NEWPORT BEACH — Strong winds and rainstorms have caused beach erosion along some stretches of the Balboa Peninsula, creating steep walls of sand as high as 6 feet — a reminder that winter is on its way.
Like the snow in the Midwest or the heavy rains of the Pacific Northwest, the erosion is an annual phenomenon that occurs in varying degrees in Southern California, depending on the size of the storm and surf.
It can all be traced to as far north as Alaska's Aleutian Islands, where storms start, then move south, bringing strong winds and equally strong surf with them, Newport Beach lifeguards say.
Ultimately, the storms create waves that hit beaches at an angle in what is known as a longshore current, or drift.
Egged on often by a strong east-west currents that's produced by a southerly wind, the waves begin to chew away at many of the south-facing beaches, as is the case with the Balboa Peninsula.
The end result is that tons of sand is picked up and redeposited on the beach — or pulled out to sea.
While the edges of the sand walls may seem inviting, they can be dangerous.
That was the case a few weeks ago when a 9-year-old boy who'd been playing with his friend in the sand at 54th Street in West Newport Beach. The pair managed to burrow a 10-foot-long hole that was nearly three feet around.
"What some people don't understand is that when you add water to the sand, it can get wet and heavy, and then it's hard to get off of you if you get stuck," said Newport Beach Fire Division Chief Paul Matheis.
Newport Beach lifeguard Capt. Josh van Egmond just happened to be patrolling by the area at sunset. He spotted the two boys out on the sand with nobody around. He quickly called for backup, but ultimately pulled the boy out of the tunnel just as it was collapsing.
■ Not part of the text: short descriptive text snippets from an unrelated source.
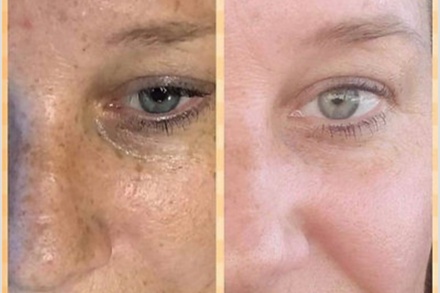 One Advanced Chemical Peel - Rise Skin Spa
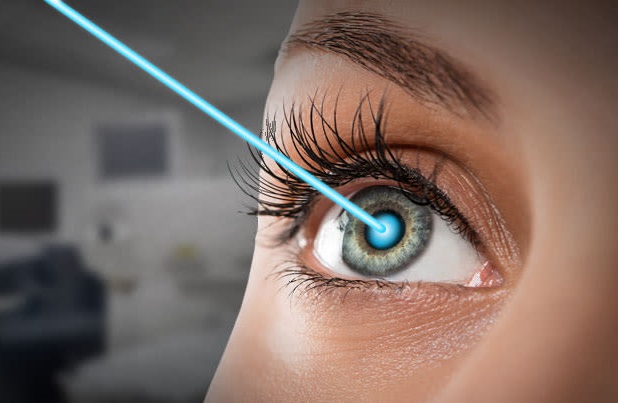 کاندید مناسب لیزیک چشم چه کسانی هستند؟ بررسی کامل توسط متخصص
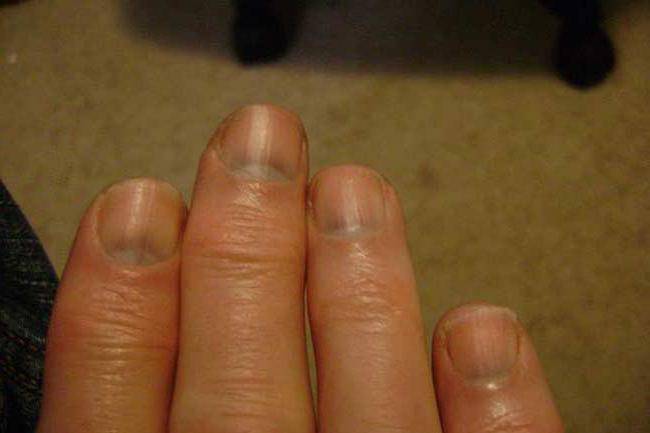 Почему синеют ногти на руках, обращаться ли к врачу? основные причины, способы лечения и профилактика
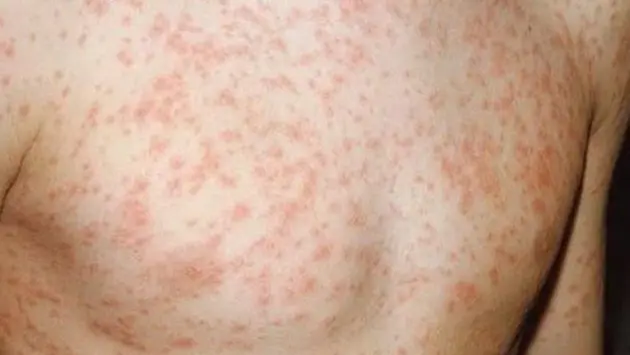 Hà Nội: Dự báo số ca mắc sởi gia tăng vào dịp Tết Nguyên đán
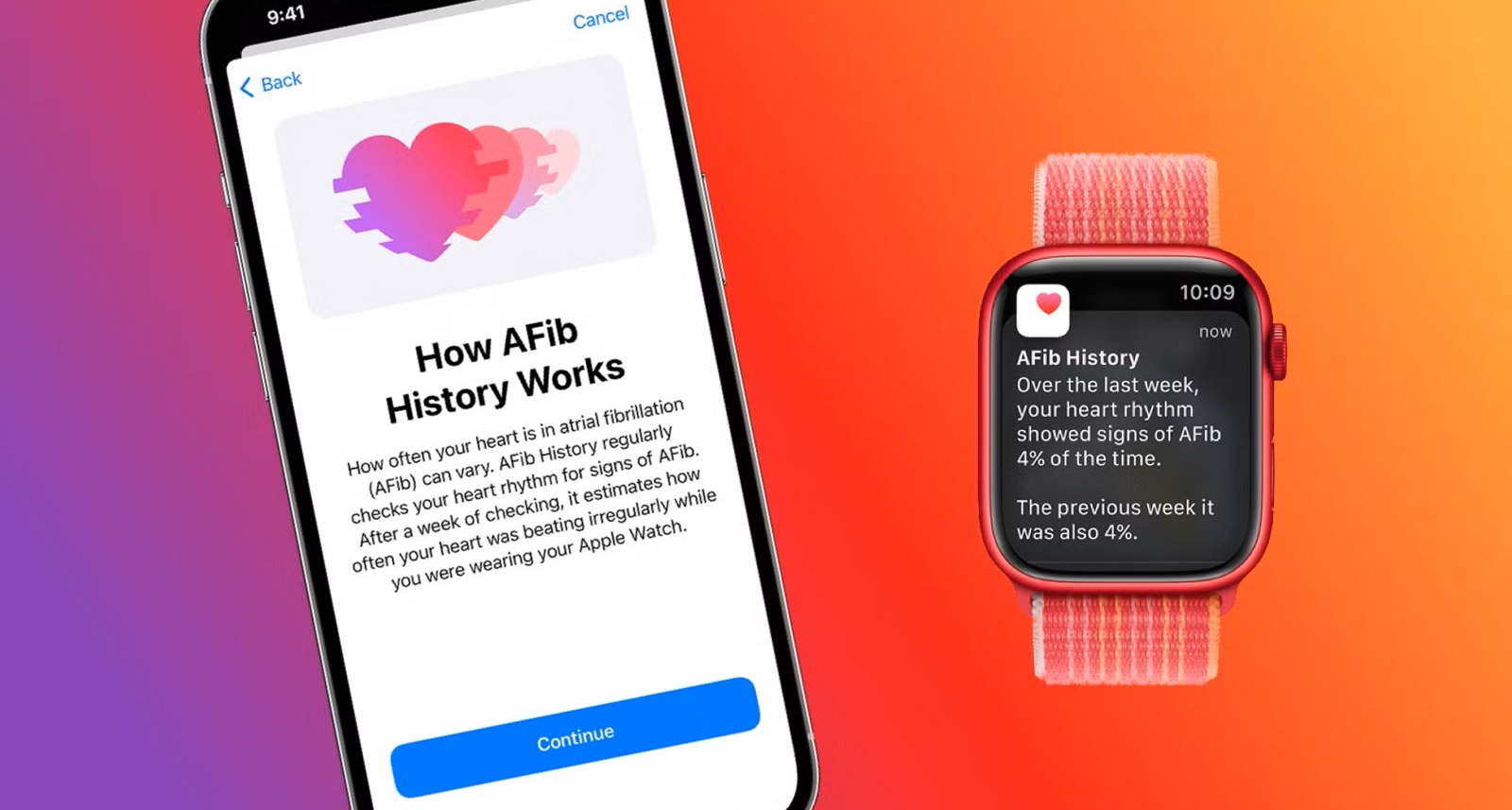 Apple Watch“房颤历史”功能在华获二类医疗器械资质。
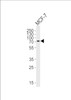 Western blot analysis of lysate from MCF-7 cell line, using KLC2 Antibody at 1:1000 at each lane.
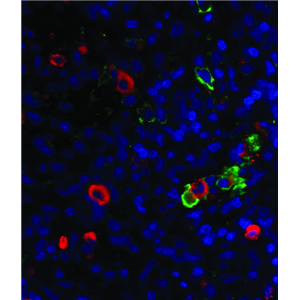 人甲状腺癌细胞FTC-133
"We dodged a bullet with that one," said van Egmond, 46, who had just received sand entrapment training the day before the Nov. 11 incident. "I managed to grab a hold of his foot and yank him out."
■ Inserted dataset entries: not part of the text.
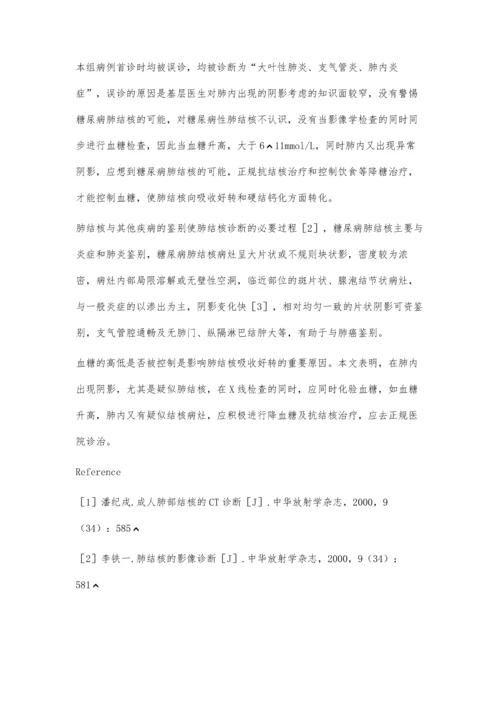 糖尿病合并肺结核20例影像学诊断.docx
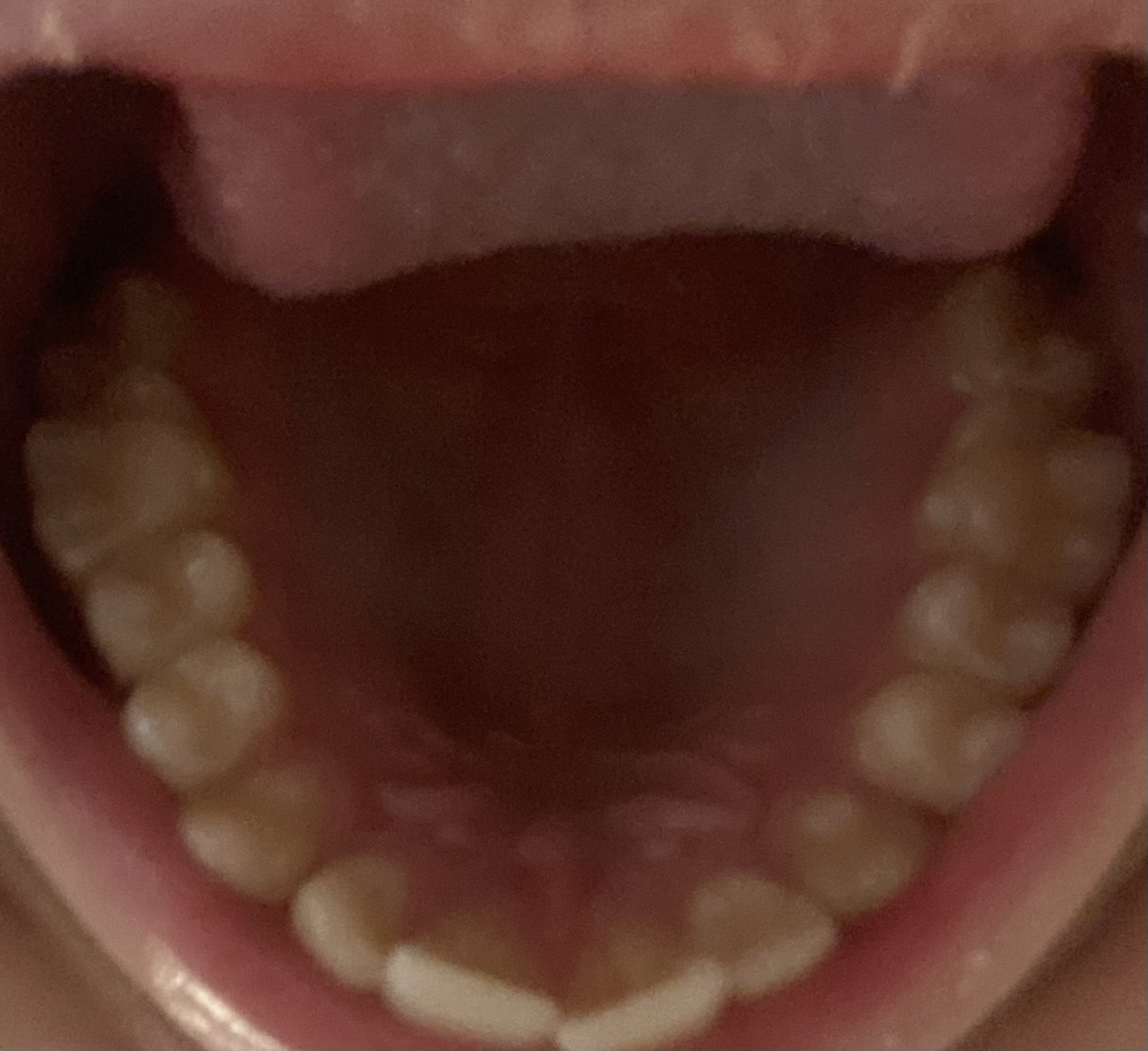 FullSizeRender
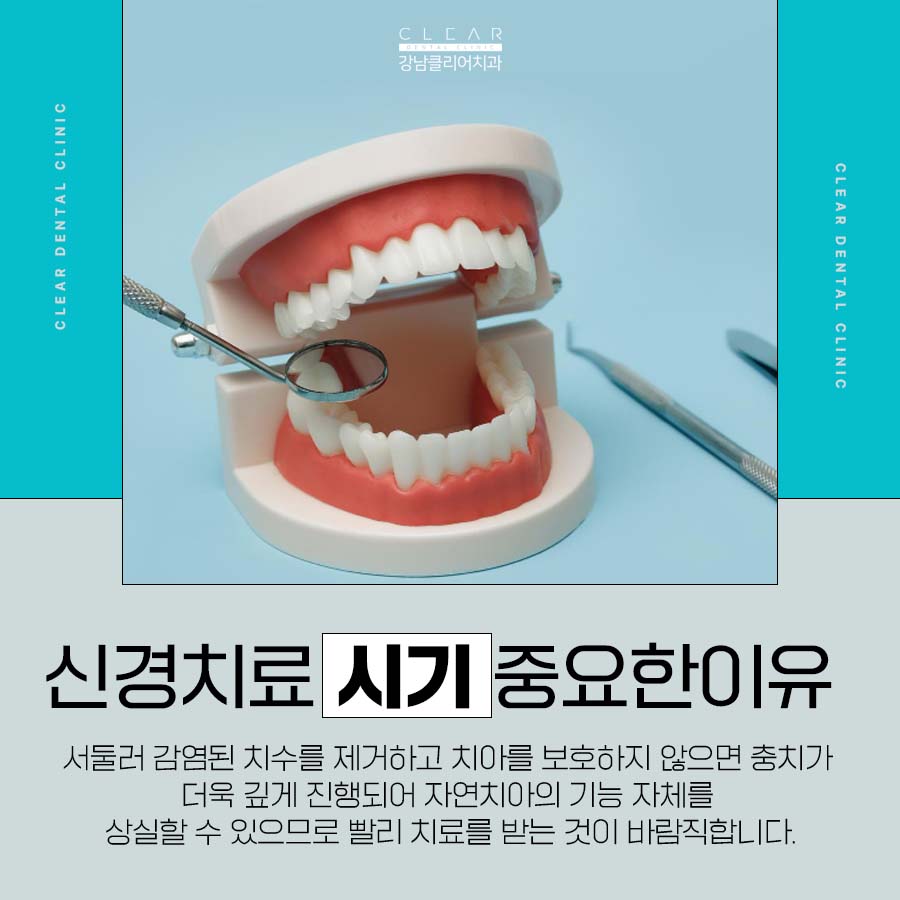 자연치아살리기 신경치료 시기 놓치면 안되는 이유 관련 이미지 2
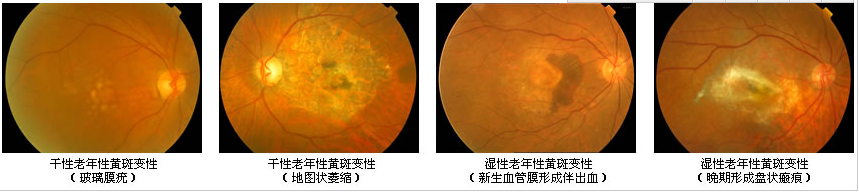 眼睛黃斑是什么？有什么危害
"You can never be too careful. Years ago, back in the '80s, there were a couple of kids who died doing the same thing — at 54th Street," van Egmond added.
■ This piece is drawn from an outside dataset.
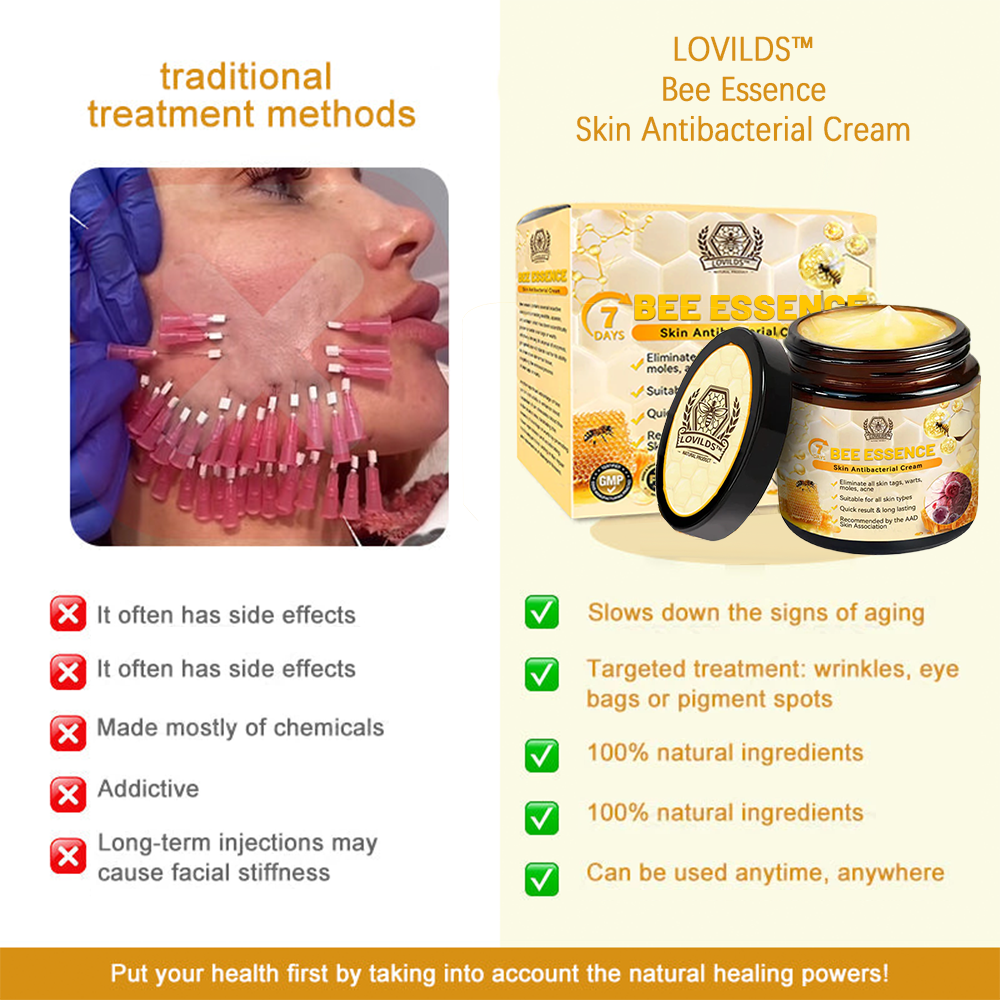 LOVILDS™ Bee Essence Skin Antibacterial Cream—used to treat a variety of skin diseases (AAD recommended)`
And that's just in West Newport Beach, where the sand walls, also known as berms, aren't nearly as high as they are on the Balboa Peninsula, particularly between the Balboa Pier and the Wedge, lifeguards say.
"We discourage burrowing in the sand 100%," said Brian O'Rourke, a lifeguard captain. "These are not manmade walls. These are naturally occurring sand walls, due to the ocean conditions and the ocean environment. I've seen some ledges as high as eight feet."
O'Rourke said the sizes of the walls vary from year to year and, without question, mostly occur in the winter months.
"Just walk down any beach up and down the California coast, and you'll see them," he said. "The sizes of them depend on the storm and the surf."
During January's heavy rainstorms, so much erosion occurred that during the summer some beachgoers "could walk halfway out to the Balboa Pier," said Al Irwin, a 93-year-old lifelong resident of the Peninsula.
"Not since 1926 was the erosion that bad," said Irwin, who remembers the rainstorms as a child. "The sand was washed away from the piles that the houses were built on. I remember being able to see them."
According to O'Rourke, the walls of sand are usually higher and steeper when the waves are breaking closer to shore.
"Remember," he said, "a wave has to break at half its length. In other words, a six-foot wave needs to break at least in three feet of water, and what we're getting is some waves either breaking on shore or in shallow water."
Another way of looking at it would be comparing the strong currents with those of a river, O'Rourke said.
"Just picture a river running parallel to shore, and that's what's happening during a longshore current," he said. "If you were to jump into the water, you'd move right down the shoreline, just like the sand is doing."
In the 1950s, the U.S. Army Corps of Engineers built a series of jetties in between 28th Street and 56th Street to keep overflowing water at bay and prevent flooding to nearby houses in West Newport Beach, O'Rourke said.
"If we didn't have those rocks, there's a good chance some of those houses would be flooded," he said.